Editorial

Obama, symbole de la globalisation menaçante

Le vote sanction qu’a subi le président Barack Obama lors des élections de mi-mandat a quelque chose de paradoxal. En 2012, les Américains l’ont réélu à la Maison-Blanche malgré une reprise économique qui se faisait attendre. Deux ans plus tard, l’économie américaine recommence à croître et à créer des emplois. Depuis la crise, le taux de chômage aux Etats-Unis est passé de 10 à 5,9%. Ce constat n’a pas suffi à persuader les Américains de soutenir un président que les républicains décrivent comme inapte à diriger la première puissance mondiale.

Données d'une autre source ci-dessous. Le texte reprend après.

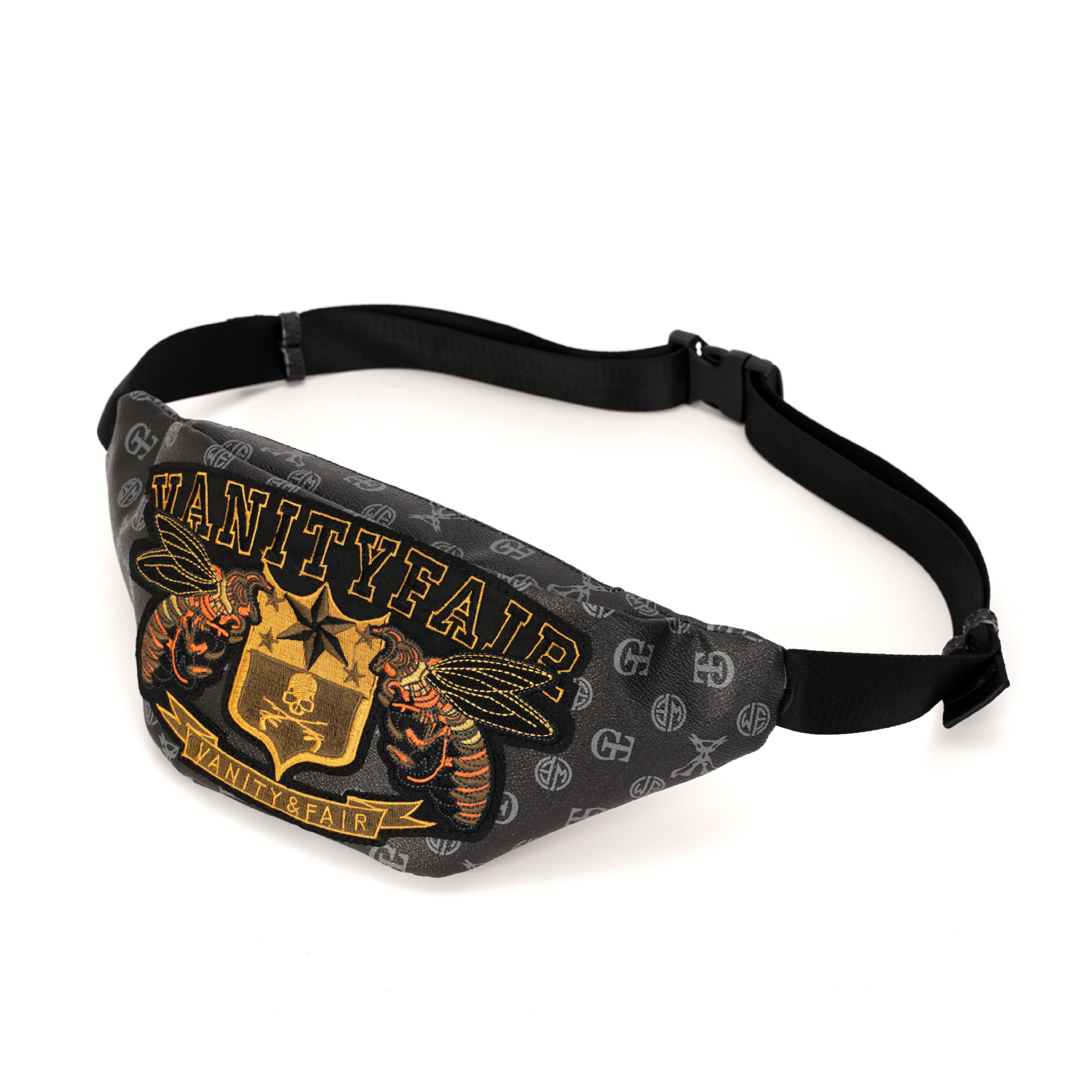 Fanny Packs Waist Pack Bag with Zipper Pockets Adjustable Belt PU Leather for Men Women Fashion Travel Pouch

Barack Obama a eu ses errements. Il n’a pas toujours investi le capital politique nécessaire pour éviter, par exemple, le lancement désastreux du site internet censé accompagner sa réforme de la Santé. Il n’a pas, comme le disent les Américains, le «schmooze», la capacité de socialiser avec les membres du Congrès pour les convaincre d’accepter sa vision politique. Mais s’il paie au prix fort sa politique, c’est parce qu’il a transformé la manière de concevoir le rôle des Etats-Unis dans le monde. Il est sans doute parfois trop délibératif, mais il refuse la mécanique simpliste de l’usage systématique de la force défendu par le sénateur républicain John McCain. En traitant directement avec l’Iran pour éviter une guerre, ou avec Cuba pour tenter de normaliser les relations avec La Havane, Barack Obama dialogue avec l’ennemi. A ses yeux, ni l’isolement aveugle de Téhéran ni l’embargo anachronique contre Cuba n’ont de sens dans un monde aussi interconnecté. Son credo est simple: la puissance de l’Amérique aura toujours des attributs militaires, mais elle doit désormais se décliner davantage à travers l’économie, des traités de libre-échange avec l’Europe et l’Asie, mais aussi la science et l’éducation.

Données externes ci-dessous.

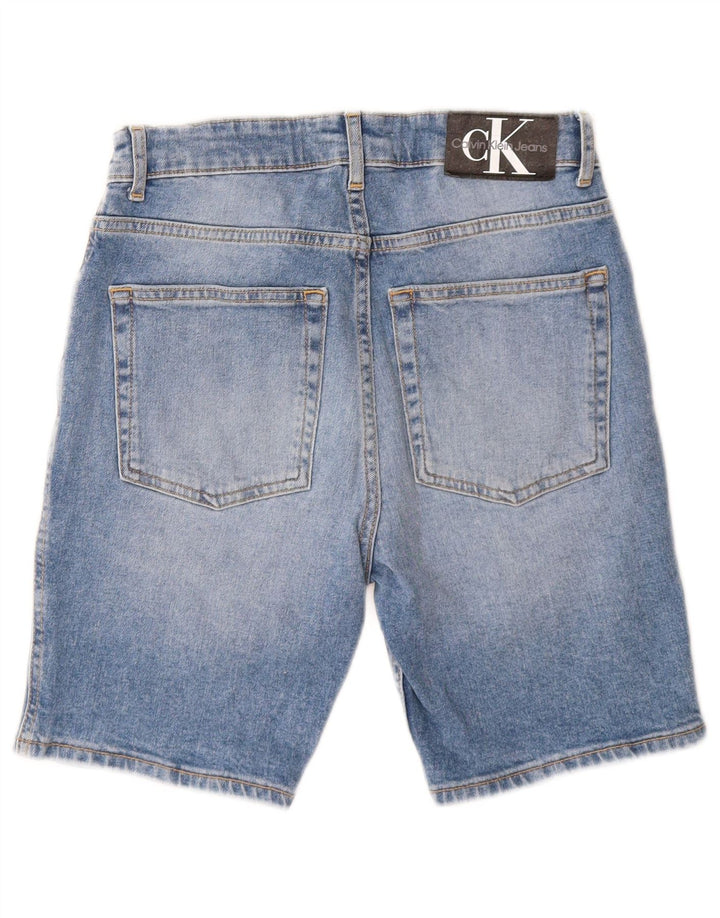 Calvin Klein Pantalones cortos vaqueros para niños 13-14 años W26 Azul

Cette vision est plus transformatrice qu’on pourrait le croire même si elle ne produira des effets qu’à long terme. C’est la raison pour laquelle elle déstabilise, à l’heure où la force brute dévaste l’est de l’Ukraine ou entraîne des décapitations de journalistes américains en Irak. Sanctionner Barack Obama qui, il est vrai, ne sait pas partager son projet avec les Américains à l’image d’un Bill Clinton, et confier les rênes du pays à un Parti républicain déchiré et sans programme, c’est une façon d’éviter la complexité du monde et de se rassurer à bon compte. Barack Obama embrasse la globalisation, mais celle-ci reste synonyme de précarité pour une majorité de l’électorat.